L’homme d’affaires portugais a été interpellé le 13 juillet dernier par les autorités portugais. En parallèle, une série de perquisitions a été menée notamment au siège d’Altice Portugal basé à Lisbonne. L’enquête s’inscrit dans le cadre de l’« opération Picoas » qui met en cause plusieurs responsables ou anciens cadres d’Altice. Elle porte sur des faits susceptibles de constituer des délits « de corruption dans le secteur privé, fraude fiscale, faux et usage de faux et blanchiment », a indiqué le ministère public.
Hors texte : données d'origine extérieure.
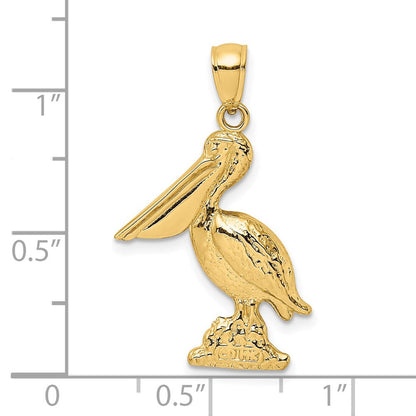 14K Gelbgold 3-D Pelikan-Charm, stehend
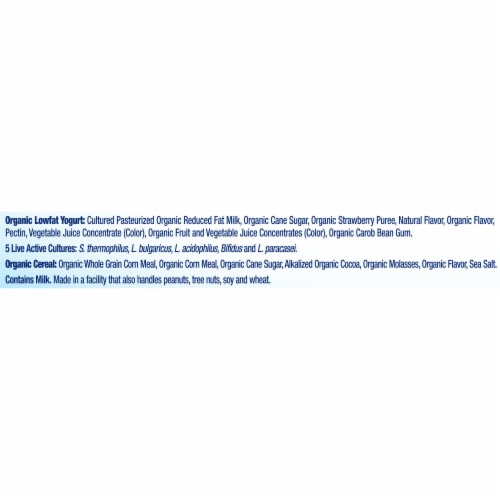 Stonyfield Organic® Strawberry Lowfat Yogurt Cups  with EnviroKidz Choco Chimps Perspective: bottom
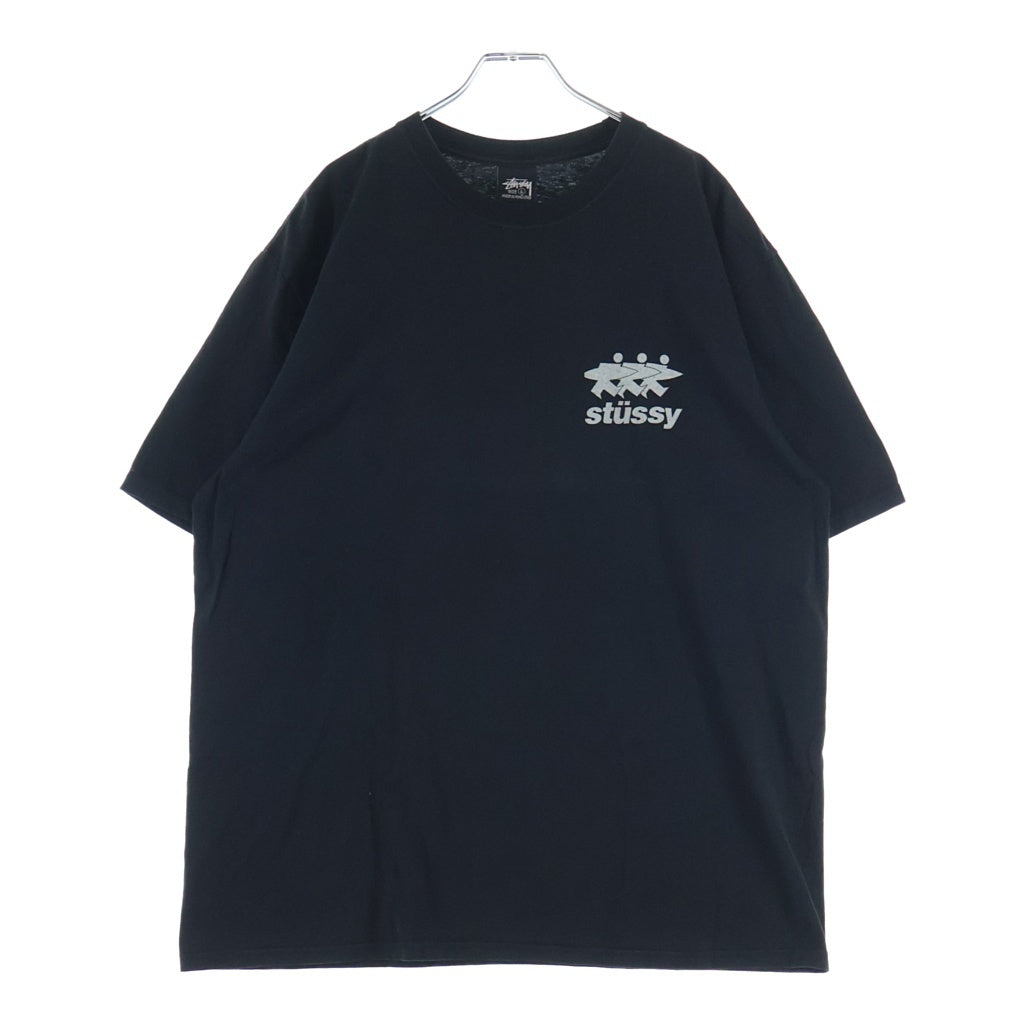 STUSSY(ステューシー) Surfwalk Tee Pigment Dyed サーフウォーク フェード加工 両面プリント 半袖Tシャツカットソー ブラック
D’après les médias portugais, Armando Pereira qui a été entendu par la justice est soupçonné dans une affaire concernant la vente de biens immobiliers pour 15 millions d’euros. Ces immeubles appartenaient à l’opérateur historique Portugal Telecom, entre-temps racheté par Altice. Ces ventes auraient lésé à la fois le fisc portugais et Altice International. Le scandale nuit à la réputation du groupe mais aussi à ses capacités de réduction de son endettement.
20 milliards euros de dette
« Il y a une forme d’inquiétude » exprime Abdelkader Choukrane, responsable syndical UNSA au niveau du groupe Altice. En France, Altice est la maison mère de SFR ainsi que des chaînes de télévision BFM et RMC. En 2022, le chiffre d’affaires d’Altice France s’élevait à 11,3 milliards tandis que sa dette dépassait les 20 milliards d’euros. À la demande des syndicats, un conseil social et économique central exceptionnel a été organisé ce mercredi 2 août. « Ce qu’on a appris par la presse portugaise crée des inquiétudes sur l’endettement de SFR à terme. Comment va réagir la communauté financière ? » s’interroge Abdelkader Choukrane. Tandis que le pôle médias suscite d’ores et déjà des convoitises.
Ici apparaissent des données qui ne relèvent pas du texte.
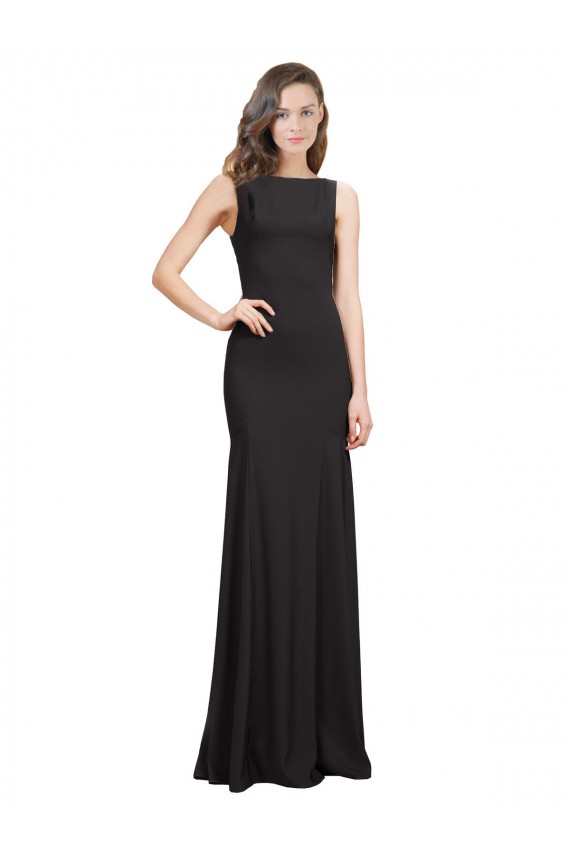 Black Bateau Neck Sleeveless Open Back Mermaid Prom Dress / Bridesmaid Dress Townsville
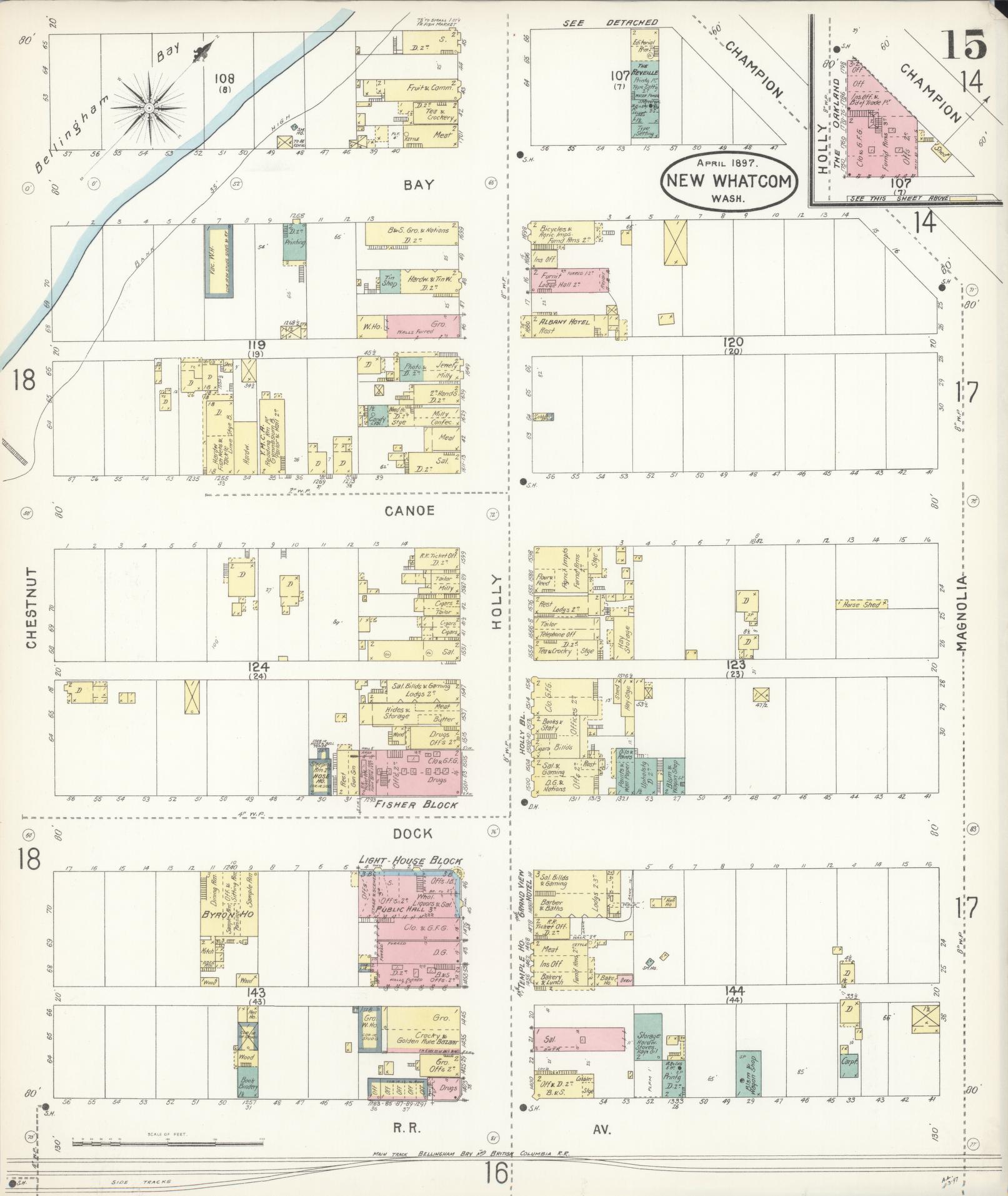 Sanborn Fire Insurance Map from New Whatcom, Whatcom County, Washington (1897), Sheet #0015 - Historic Sanborn Fire Insurance Map Print, vintage old map wall art, antique decor, genealogy gift, Washington Washington map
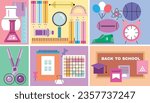 Back to school template design  banner  School stuff, supplies bundle. Stationery, items, accessories,  folder, pencil, pen   Flat vector cartoon  illustration 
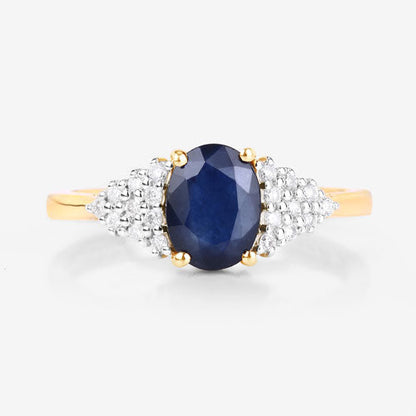1.73 Carat Genuine Blue Sapphire and White Diamond 14K Yellow Gold Ring by Bids.com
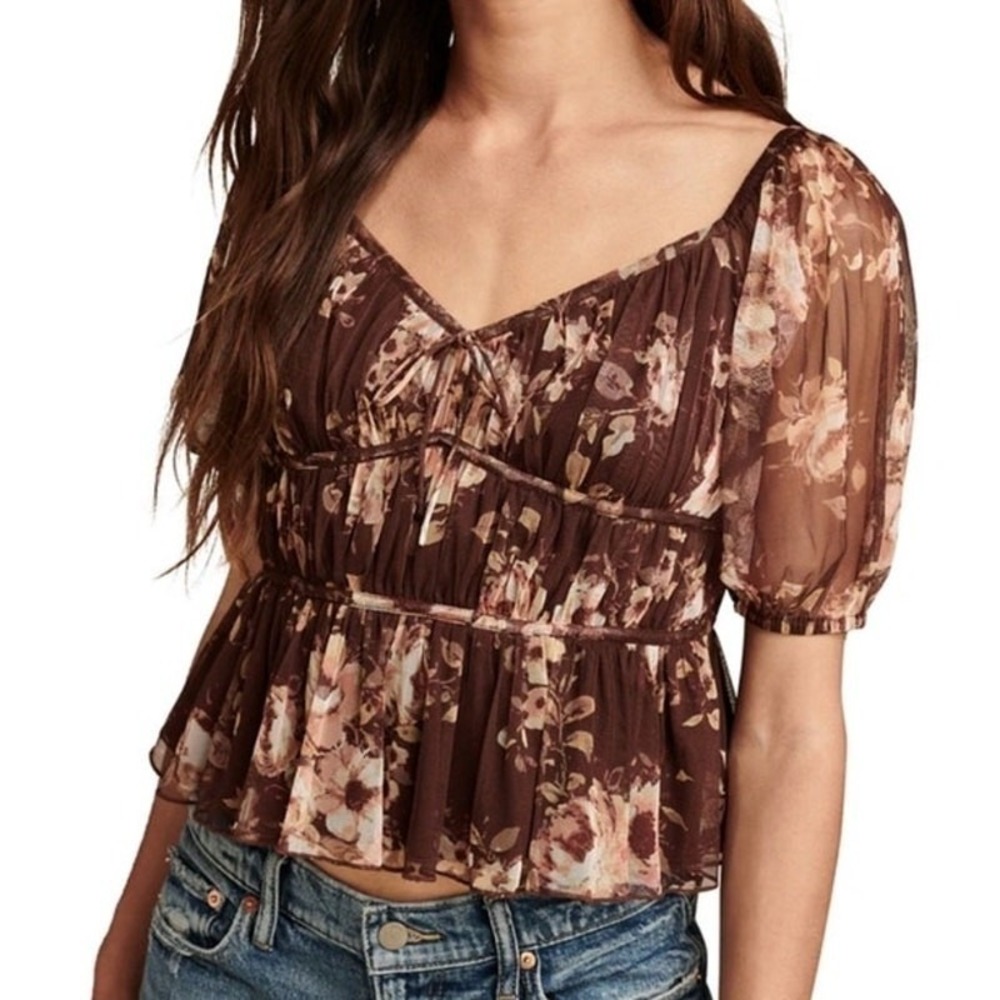 Lucky Brand Floral Peplum Top Women's XXL Brown Mesh Sheer Boho Ruffle Romantic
Cette affaire « n’est pas quelque chose qui était complètement invisible en raison des méthodes utilisées qui imposaient de plus en plus de prestataires portugais » avance de son côté Laurent Penon, membre de la CFDT chez Altice.
Au cours de la réunion, la suspension de Tatiana Agova-Bregou, la patronne des contenus, acquisitions et partenariats chez Altice, a été révélée. Elle a été mise en cause dans des écoutes de la justice portugaise.
Une enquête interne
Contacté par Ouest-France, Altice France a affirmé ne pas vouloir faire de commentaires. Dans un mail interne envoyé à l’ensemble de ses employés, Altice France affirme cependant travailler « activement avec comme priorité la protection de vos intérêts, ceux du groupe et de nos clients ». La direction affirme également dans ce courrier avoir lancé « une enquête interne afin d’identifier précisément tout comportement et pratique qui seraient non conformes aux lois ».
Les 7 et 8 août prochains le PDG d’Altice, Patrick Drahi, présentera lors de conférences téléphoniques les résultats semestriels d’Altice international et d’Altice France. Une prise de parole très attendue où l’homme d’affaires devra tâcher de rassurer ses investisseurs.